12月号 行政対応の多様化

2024年12月11日

いまおこっていること

 私が福祉行政の事件を扱い始めてはや二十年。介護保険サービスにはじまり、障害福祉サービスや児童福祉サービス事業所の案件に拡大した。それは地域的にも広がった。

 今は障害福祉系の事業所の相談が多い。放課後等デイサービスや就労継続支援B型などだ。都道府県別でいえば、北海道は札幌、千歳、関東は甲信越が茨城、群馬、埼玉、東京、千葉、長野。中部は愛知県が多く、関西は神戸。九州は全県。少ないが各地の放課後等デイサービスの行政事件、行政相談を受任している。

 中国・四国は広島の事件があり来年判決になる。福岡と佐賀で行政訴訟、熊本で審査請求が係属しいる。北海道は今年、千歳の案件が終結した。

 また先月、京都の事業所から相談があった。訴訟になりそうだ。

 二〇年前から比べると内容も広がりを見せている。これまで受任していたのは主として、処分前の聴聞立会と処分後の処分取消し、又は審査請求だった。

 今では運営指導や監査中の相談が増えてきた。事業者の方が行政の動き、とくに処分のおそれに敏感になってきている。

 それに伴い、行政からの高額報酬返還の影響で福岡で事業所の法人破産申立てをし、開始決定を得た。 群馬県でも破産申し立ての準備をしている。

弁護士の行政対応の多様性

今、この分野は、弁護士にとって事件に応じた多様な対応力が求められている。 

 福祉事業所の法律問題を事業者からみた場合、内部の経営上の問題、従業員との労働法の問題、利用者との契約上の問題や施設職員らによる虐待の問題、行政対策など、実に多様だ。
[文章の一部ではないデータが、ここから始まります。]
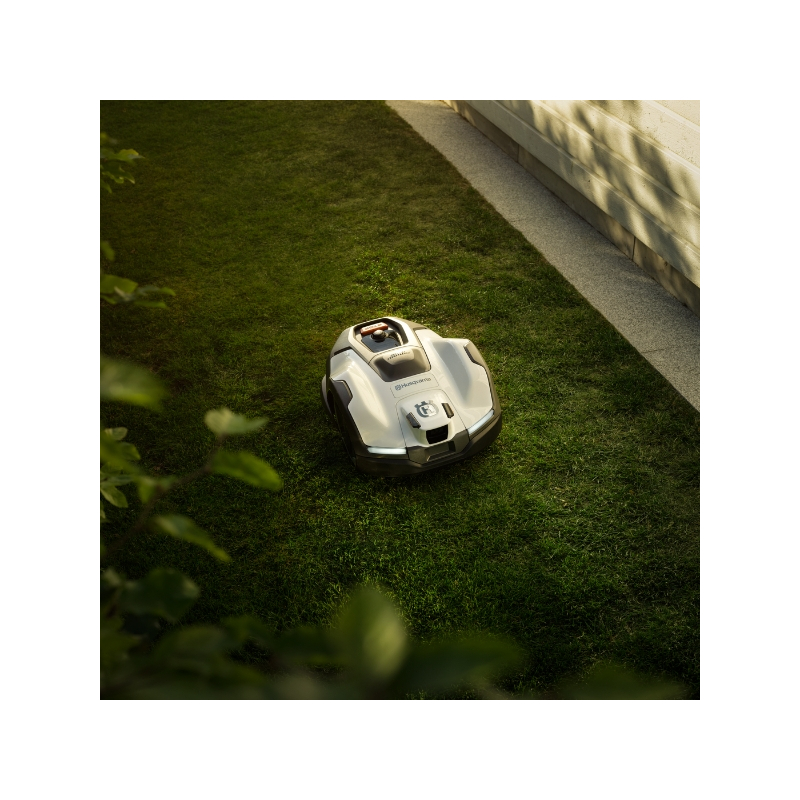 Robot tondeuse sans fil Husqvarna Automower 410VE NERA - Surface 1500m²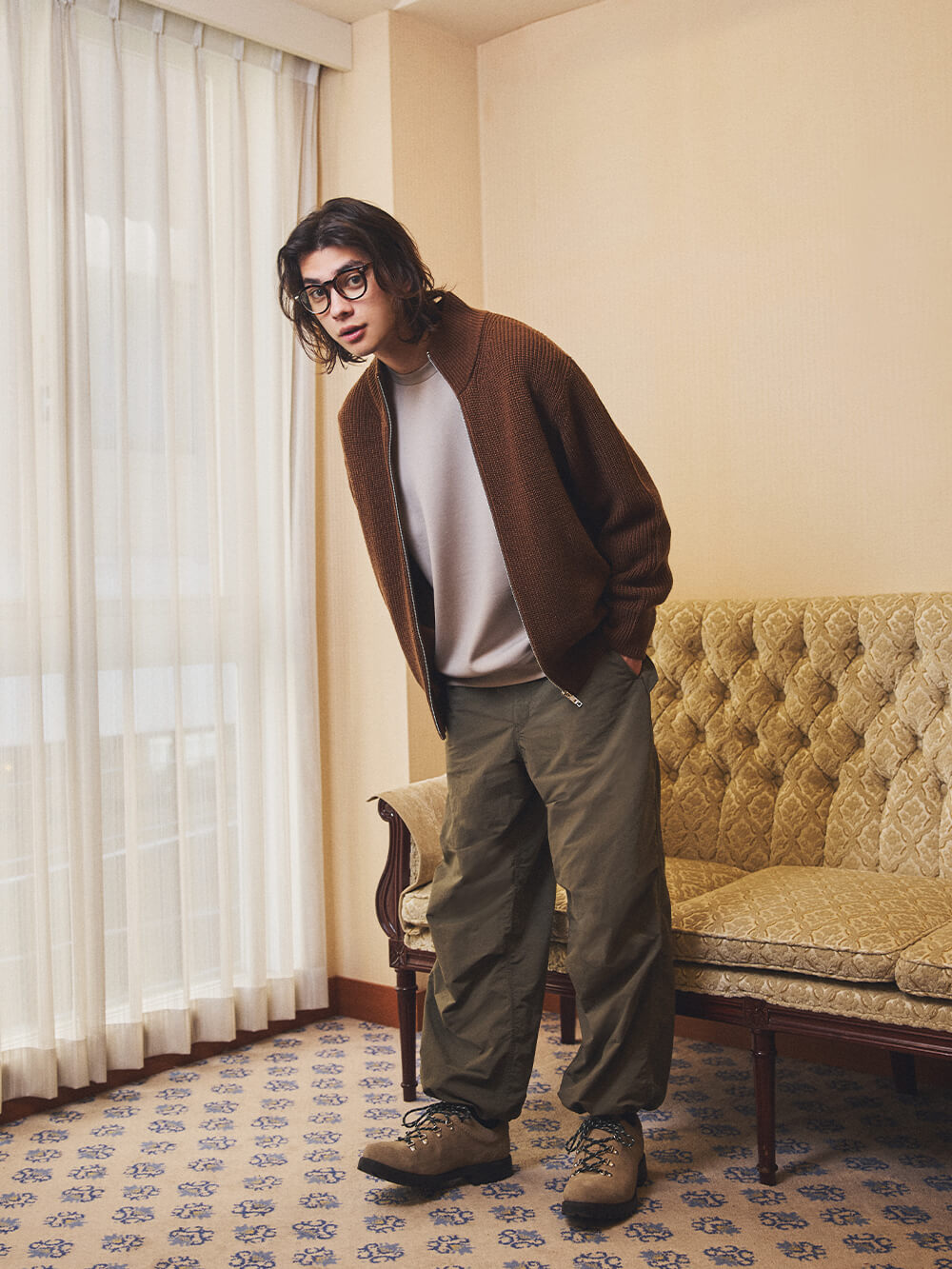 タフなヒートパデットベストでフェミニンを自分らしく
 だが行政の指導監督の問題においては、指定取消などの行政処分の後にくる高額な報酬返還による経営破綻が最も重要だ。

 訴訟や審査請求といった古い争い方のほかに、利用者へのサービス提供を断絶させないために事業廃止と新規指定の取得をミックスした手法も大切だ。新規指定を別法人で取得したような場合、処分を受けた法人を破産清算させることも忘れてはらない。
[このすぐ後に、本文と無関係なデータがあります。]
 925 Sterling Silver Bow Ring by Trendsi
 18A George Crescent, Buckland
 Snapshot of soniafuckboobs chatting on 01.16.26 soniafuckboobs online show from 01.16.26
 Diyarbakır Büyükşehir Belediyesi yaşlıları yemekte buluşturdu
 福祉事業の運営法人の破産件数は全国で200件くらいと思うが、行政が活発に徴収命令などの処分を発令するようになれば、これから増加する傾向にある。

 弁護士の対応もただ単に行政と争うというオールドタイプの紛争処理にとどまらず、事業所の再生や利用者サービスの継続性の確保といった多様な視点が求められている。

 福祉行政対応の歴史は浅く、法令の解釈適応について十分な検証がなされているとはいえないが、来年は、このような事件対応の多様性の視点を自覚した対応がますます必要となるだろう。